The duo – an original of Coco Chanel and a portrait of Beaton himself – came from the property of interior designer Nicky Haslam and were dispersed in a near sell-out auction totalling over £300,000 in New Bond Street on November 20.

The 18 x 14in (46 x 36cm) pen and ink drawing of Chanel, depicted in an armchair holding a cigarette, was a known portrait, having been reproduced in Beaton’s 1954 book The Glass of Fashion. It had also sold at Christie’s back in 2004 where it made £2629 (with fees).

Offered at Bonhams with a £4000-6000 guide, the drawing proved remarkably popular on the day, selling for £40,000 (over £50,000 with premium) to an anonymous buyer on the phone.

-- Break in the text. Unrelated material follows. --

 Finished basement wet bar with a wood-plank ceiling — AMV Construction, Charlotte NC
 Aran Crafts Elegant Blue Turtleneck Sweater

The self-portrait, a 10 x 7in (24 x 18cm) pen and ink wash purchased by Haslam in 1983 and loaned to the Barbican for a Cecil Beaton exhibition three years later, sold to a phone bidder at £9500 (£2000-3000).

Like his photographic prints, Beaton’s sketches appear quite regularly at auction and include many of his costume designs for the productions of My Fair Lady and the 1969 Broadway musical Coco. On October 31, a Beaton sketch of Christian Dior working in his studio in Paris sold for £5200 (estimate £500-700) as part of the estate of society dress designer Ian Thomas (1929-93) at Amersham Auction Rooms in Buckinghamshire.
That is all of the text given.